Lachim / redis

Automatically exported from code.google.com/p/redis
2 stars 0 forks source link

[FEATURE REQUEST] Add ZDIFFSTORE, and non-STORE versions of ZDIFF/ZUNION/ZINTER #579

Closed GoogleCodeExporter closed 8 years ago

GoogleCodeExporter commented 8 years ago
Sets have SDIFF for computing set difference, and commands like SUNION for 
returning a computation "on the fly" without permanently storing anything on 
the server. I'd like these features for sorted sets, so that I can call 
ZDIFFSTORE to remove from sorted-set z1 any members which also occur in 
sorted-set z2.

Original issue reported on code.google.com by a...@malloys.org on 8 Jun 2011 at 11:45

GoogleCodeExporter commented 8 years ago
Non-storing variants of union and intersection of sorted sets will not be 
added, because the result of these operations holds too much information to 
give back in one pass. See this issue: 
http://code.google.com/p/redis/issues/detail?id=328

The rationale behind not having a ZDIFFSTORE is the lack of a *real* use case, 
what will happen with the scores etc. This has been discussed numerous times on 
the ML, you can find the search/archives on groups.google.com.

Cheers,
Pieter

Original comment by pcnoordh...@gmail.com on 14 Jun 2011 at 6:56

GoogleCodeExporter commented 8 years ago
Here is my use case for ZDIFFSTORE. Exactly the same as SDIFFSTORE.
I have a python client which stores objects of a given model in redis and also 
install indices for fields needing queries. Indices are redis sets or sorted 
sets depending on the type of model chosen (models may or may not need a 
default sorting with respect a model field).

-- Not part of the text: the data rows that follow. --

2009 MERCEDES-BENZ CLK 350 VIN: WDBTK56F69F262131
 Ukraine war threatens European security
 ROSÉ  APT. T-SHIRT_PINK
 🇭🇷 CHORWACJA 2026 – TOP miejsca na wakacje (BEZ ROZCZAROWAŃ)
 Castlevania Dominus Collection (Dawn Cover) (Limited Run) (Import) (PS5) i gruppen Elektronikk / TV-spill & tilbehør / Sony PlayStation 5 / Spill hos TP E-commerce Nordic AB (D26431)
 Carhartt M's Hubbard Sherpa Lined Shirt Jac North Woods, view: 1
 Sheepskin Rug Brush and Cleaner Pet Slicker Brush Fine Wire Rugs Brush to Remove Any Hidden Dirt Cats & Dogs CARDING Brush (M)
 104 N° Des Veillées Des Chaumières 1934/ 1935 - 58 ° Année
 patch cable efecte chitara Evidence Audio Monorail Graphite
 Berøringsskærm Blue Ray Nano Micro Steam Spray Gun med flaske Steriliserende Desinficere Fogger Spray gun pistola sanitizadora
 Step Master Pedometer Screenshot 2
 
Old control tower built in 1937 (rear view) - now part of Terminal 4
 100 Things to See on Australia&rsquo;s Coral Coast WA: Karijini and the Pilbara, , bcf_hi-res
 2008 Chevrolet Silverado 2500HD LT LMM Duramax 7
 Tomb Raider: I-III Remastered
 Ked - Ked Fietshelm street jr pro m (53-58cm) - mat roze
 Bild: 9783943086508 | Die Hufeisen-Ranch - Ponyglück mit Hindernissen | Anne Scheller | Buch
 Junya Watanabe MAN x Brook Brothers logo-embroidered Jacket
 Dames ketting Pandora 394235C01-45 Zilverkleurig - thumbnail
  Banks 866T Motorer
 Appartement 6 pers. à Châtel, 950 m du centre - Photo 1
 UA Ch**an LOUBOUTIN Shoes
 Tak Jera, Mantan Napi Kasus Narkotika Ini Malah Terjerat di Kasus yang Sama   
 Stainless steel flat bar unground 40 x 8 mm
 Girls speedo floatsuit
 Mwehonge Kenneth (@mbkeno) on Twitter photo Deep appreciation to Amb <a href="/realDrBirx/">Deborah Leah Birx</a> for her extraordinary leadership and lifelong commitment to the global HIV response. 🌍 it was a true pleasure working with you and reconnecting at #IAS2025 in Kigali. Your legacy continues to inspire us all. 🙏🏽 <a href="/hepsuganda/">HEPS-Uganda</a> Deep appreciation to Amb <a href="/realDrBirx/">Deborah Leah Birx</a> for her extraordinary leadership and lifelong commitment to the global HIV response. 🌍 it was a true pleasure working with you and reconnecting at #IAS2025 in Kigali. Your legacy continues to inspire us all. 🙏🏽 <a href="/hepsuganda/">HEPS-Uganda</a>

Indices are used to perform queries and everything is fine for sets. Not so for 
sorted sets.
Here is an example I hope it clarifies my point:

class SportActivity(orm.StdNet):
    person = orm.SymbolField(index = True)   # this field creates a sorted set
    type = orm.SymbolField(index = True)     # this field creates a sorted set
    dt = orm.DateField()

    class Meta:
        sort_by = 'dt'  # this tells the model to zset rather than sets as indices.

If I perform the following query:

res = SportActivity.objects.filter(person = 'pippo').exclude(type = 'swimming')

This translates to the following redis operation

ZINTERSTORE(ids_zset,person_pippo_ids_zset,tempkey1) does the filter on 'pippo' 
bit
ZDIFFSTORE(tempkey1,type_swimming_ids_zset,result) does the exclude bit

person_pippo_ids_zset is a sorted set of ids of objects with person equal to 
'pippo'
type_swimming_ids_zsetis a sorted set of ids of objects with type equal to 
'swimming'

The scores in the ZDIFFSTORE will be the scores of tempkey1 since they are the 
only elements left in the result set.

Original comment by luca.sbardella on 17 Jun 2011 at 8:48

GoogleCodeExporter commented 8 years ago
If your scores in type_swimming_ids_zset are the same as person_pippo_ids_zset, 
then you could use ZUNIONSTORE(tempkey1, type_swimming_ids_zset, result, 
weights=[1, -1]), followed by a ZREMRANGEBYSCORE(result, '-inf', 0) to discard 
the entries.

Really though, the problem is as Salvatore mentioned: how do you handle scores? 
From the perspective of a plain "set", the answer is discard any entry in A 
that is in B for A-B. But if you use the "bag-set" semantic (of which zsets are 
commonly used for), then the answer is that you subtract the values (the ZUNION 
variant I provided above) and discard the values that fall outside the bag-set 
range.

If you really need to do set subtraction, you can always duplicate your data 
into a plain set, do your set difference there, then intersect with your zset. 
Using your provided syntax, that would look something like...

SDIFFSTORE(ids_set, type_swimming_ids_set, tempkey1)
ZINTERSTORE(tempkey1, person_pippo_ids_zset, result)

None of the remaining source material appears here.